Arabs: Everyone seems to think I am one. People talk to me in Arabic in the street and supermarket. Even after I shaved off my beard.
B
Bookshops: Thank heaven for the eReader! Despite there being many bookshops, books are pricey and the stock of the shops in question is somewhat whimsical. Witness the sparsely stocked travel section of one Borders which consisted of a handful of Lonely Planet guides to various Asian countries, a smattering of Time Out guides to large, bright-lit cities and an A-Z of Southend-on-Sea.
Buffets: Along with two-for-one vouchers, buffets are the mainstay of the Dubai going-out experience. Every Thursday (our equivalent of Friday) we, along with numerous colleagues, toddle off to one of Dubai’s many luxury hotels where we pay an upfront fee (usually in the £30-£40 range) and proceed to eat and drink as much as we can. Despite sounding somewhat seedy (and expensive), it is very much the done thing. When normal bars (as normal as bars get in Dubai anyway) charge an average of £5 a pint, the cost doesn’t seem so high. The problem tends to be when you try to eat AND drink as much as you can – far wiser to concentrate on one of the two with the other playing a support role.

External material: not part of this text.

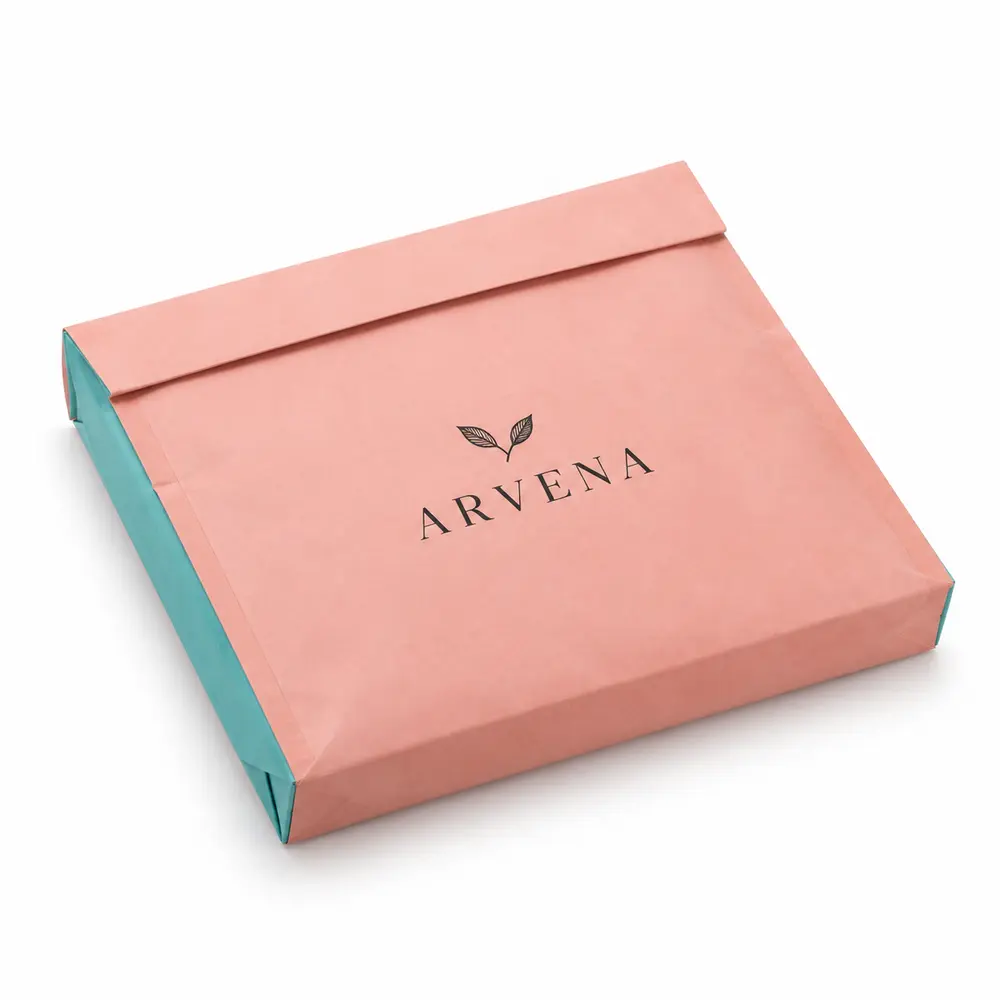 salmon pink with turquoise accents paper dispatch bags with ARVENA logo printing on a white background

Bureaucracy: Having spent a day trying to bring a box of personal items through the port, I can safely say that Terry Gilliam might have thought his film Brazil to be a little underexaggerated had he seen Dubai first. It should have taken an hour. It took a day. All because each rubber stamp was housed at least a mile from every other. And nobody knew where they were. Thankfully, the school sorted out much of the truly heinous bureaucracy - that of immigration. We were met at the airport, given a visitor’s visa and have been shepherded gently through each subsequent stage. We have our residents’ visas now, so we can get the internet, open bank accounts and so on. I’m extremely glad that we sent all our documents over in advance so the process could be begun early as many of the teachers at school who started at the same time as us have run into various bureaucratic problems and are currently having to travel to Oman once a month to cross the border and then cross back again in order to renew their visitor’s visas.
C
Cold water: If you leave the water heater off, the cold water is hotter than the hot water as it is stored in tanks on the roof. Hot enough to shower in!
D
Deliveries: We have yet to find anything that can’t be delivered. All the fast food chains deliver, all the local shops, all the local services. Our waistlines have been thusfar saved, however, due to the fact we can’t tell any of them where we live (see Addresses above). Many potential deliveries are unsolicited, which leads us to...
Door to door: As the only cockroaches we have seen seem to arrive exactly one day before a door to door exterminator pushes his card beneath the door, we are fairly sure that he comes round first and pushes the cockroaches under the door.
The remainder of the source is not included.